Take, for instance, Washington, D.C.’s police department, which declined George Washington University (GWU) officials’ request to disperse anti-Israel demonstrators.

The department cited concerns about the optics of confronting a small number of so-called peaceful protesters (when did I last hear that phrase?)—a concern I find perplexing, given that optics were not a concern for D.C. police when they arrested pro-life protesters in 2020 for chalking a sidewalk.

Mason Goad captured scenes at GWU that showcased ample reasons for the police to takedown encampments, one being that the George Washington statue had been vandalized with paint—it was also draped with a Palestinian flag. Is vandalism what the left deems as peaceful protests?
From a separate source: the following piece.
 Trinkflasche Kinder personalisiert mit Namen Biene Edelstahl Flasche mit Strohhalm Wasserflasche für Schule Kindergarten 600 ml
We shouldn’t be taken aback by D.C. police’s inaction, however. It’s become almost expected in leftist cities, as D.C. crime reporter Alan Henney told me earlier this week. He pointed out that in recent years, “city officials have been increasingly lax in enforcing laws for everything from fare evading to traffic offenses, among other offenses.”

Spray-painting statues isn’t unique to GWU’s pro-Hamas protesters. Neetu Arnold captured protesters at the University of Pennsylvania trying to conceal “Zios get f***t” sprayed on the Benjamin Franklin statue.
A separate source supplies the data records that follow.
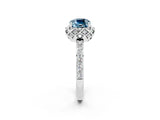 Silver Cushion Cut Aquamarine Scalloped Halo Engagement Ring with Round Shared Prong Band_80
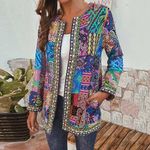 Women Outwear Vintage Ethnic Style Floral Print Long Sleeve Cotton Jacket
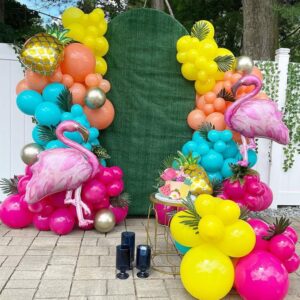 166Pcs Flamingo Tropical Balloon Garland Arch Kit, Fiesta Aloha Luau Hawaiian Summer Theme Hot Pink Green Pineapple Balloons For Birthday Baby Shower Bridal Wedding Bachelorette Party Decoration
Consequently, observers of this nationwide fiasco, including those who may shape policy or contribute to public discourse, must acknowledge that Gaza Solidarity Encampments and divestment protests are anti-Semitic. Like bread and butter, divestment is just an excuse to lather on anti-Semitic and anti-Western rhetoric.

Further, these protests represent a broader ideological shift within academia toward Marxist ideologies: Marxism’s critique of Western capitalist systems extends to Western support for Israel; the left sees Israel as an oppressor and Palestinians as oppressed—a narrative found throughout modern Marxist writing and thought.
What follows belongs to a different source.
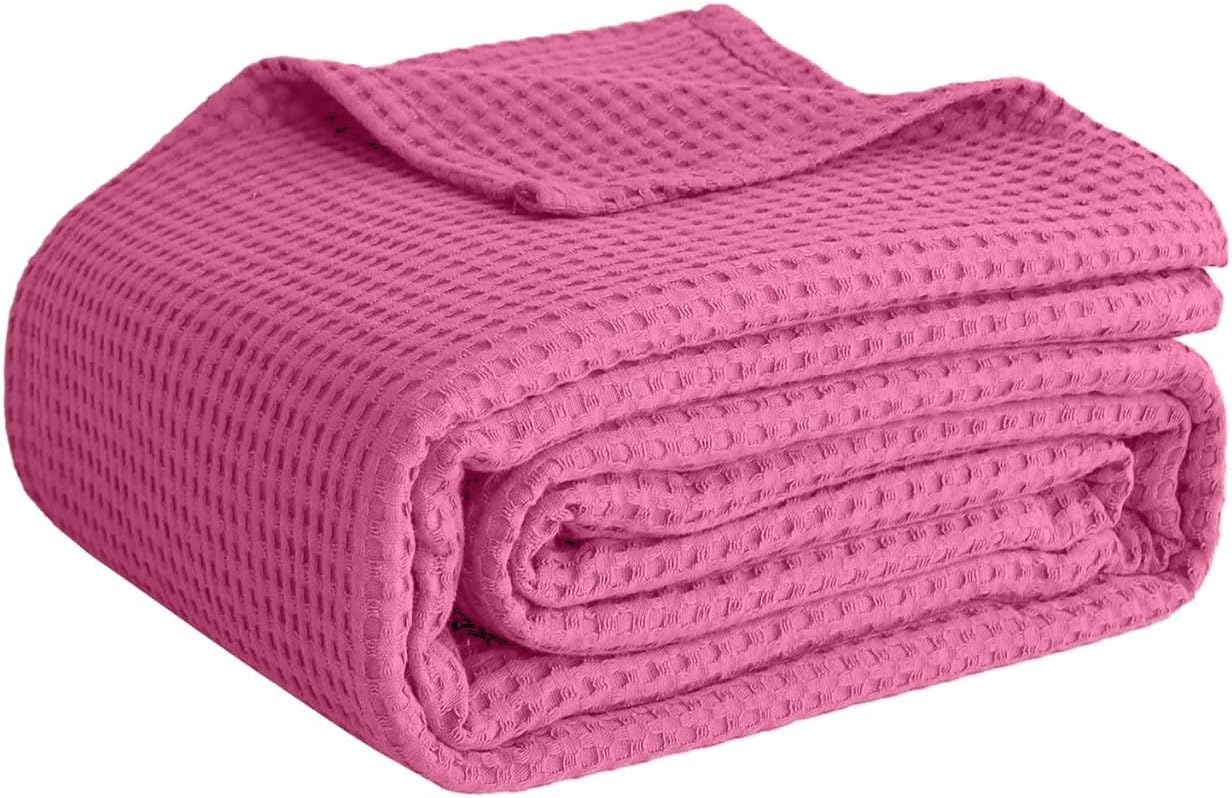 QUBA LINEN Waffle Weave Cotton Blanket — 100% Cotton, Breathable All-Season, Dark Grey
This connection to Marxism is vivid at GWU. A photo of an encampment library, captured by Goad, features works such as I.X. Kendi’s “How to Be an Anti-Racist,” Che Guevara’s “Motorcycle Diaries,” Jason Stanley’s “How Fascism Works,” Howard Zinn’s “A People’s History of the United States,” Karl Marx’s selected writings, and Islamic flyers and pamphlets.

All we need to do is look back at history to understand how problematic this is.

As Ian Oxnevad aptly articulated, “It would be a mistake to dismiss the campus antics as just that. Student protestors and student groups in general are dangerous and have toppled governments and societies over the past century … Today’s burgeoning left wing totalitarians are indeed learning from history, as the Nazis did the exact same thing at the University of Vienna in 1938.”

Finally, it may seem like a matter of protecting students’ First Amendment rights to allow these protests to continue unchecked, and it may seem as if these students do not truly harbor anti-Semitic views. But many of these future leaders in education, government, and business do, in fact, harbor genuine anti-Semitic views and disdain for the West. And, with their disruptive protests—even setting the American flag on fire—monopolizing discussions with their perspectives on the Gaza-Israel conflict and compromising the freedom of others to learn and engage in open dialogue, they undermine the very principle of the First Amendment.